Did I just use loop again? Oh, my. And to-hash-table was useful again with a little modification of :key-sub parameter that allowed to have anything from the post as a key. In this case, using filename as a key made generation logic really simple.

Now I have all parts in place - all posts could be fetched from the server, I could determine which posts were updated remotely or just didn’t exist locally and I could convert remote representation back to the markdown text (I omitted the code that turned fields into a header with title: and other fields but it’s there of course.

By the way, in case usage of the format in finally part surprises you, I had to add it, because otherwise, sbcl kept serializing filename as an array of characters for some reason.

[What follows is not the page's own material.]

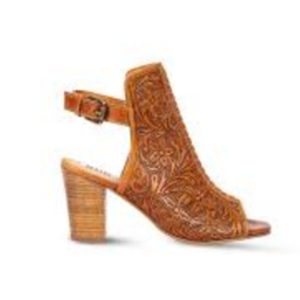Monika Boot In Hand-tooled Leather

merge-fetched-posts function contains one of the most epic usages of loop macro I ever did. Let me just paste it as an excerpt from the sub, full code is there:

(loop for event in (reverse (events store))
        for itemid = (getf (getf event :event) :itemid)
        for post = (gethash itemid ht)
        when (and (not (gethash itemid visited))
                (or (not target-itemid)
                    (equal itemid target-itemid))
                (or (not post)
                    (older-than-p post (getf event :sync-ts))))
        do
        (stuff))

All the logic fit nicely in default features of loop. reverse it’s there because I wanted to convert only the most fresh version of the post that I downloaded, for part of the macro played the role of let and assigned values on every loop iteration and when included all the logic necessary so that loop body executed only in case it had to: in case post was not already generated during this run, it didn’t exist in database or database version was older than remote.

One important thing in this logic was synced-from-fetch flag for every post. Whenever I merge it I raised this flag to 1 and whenever I updated or created a post with the client I reset it to nil. Why important? Simply because the conversion process was and still isn’t perfect, I wanted to have a nondestructive way to run merge functionality again and again, end this is what remerge-fetched-posts function and related cli command does. With this flag I could take all the posts that I already converted but that were not touched after and merge them again. This gave me an opportunity to already have markdown files of some sorts and still work on better conversion afterward.

From potential improvements:

After all this functionality got implemented, the client reached near perfect state to me, because if you remember it’s unidirectional nature was one of the client limitations and now it actually didn’t matter where a post was written or updated, fetch end merge steps could incorporate all the changes back. And what’s even cooler, now the client can be used for any blog and from the day one it’s possible to get all posts offline and work as if you were using cl-journal forever.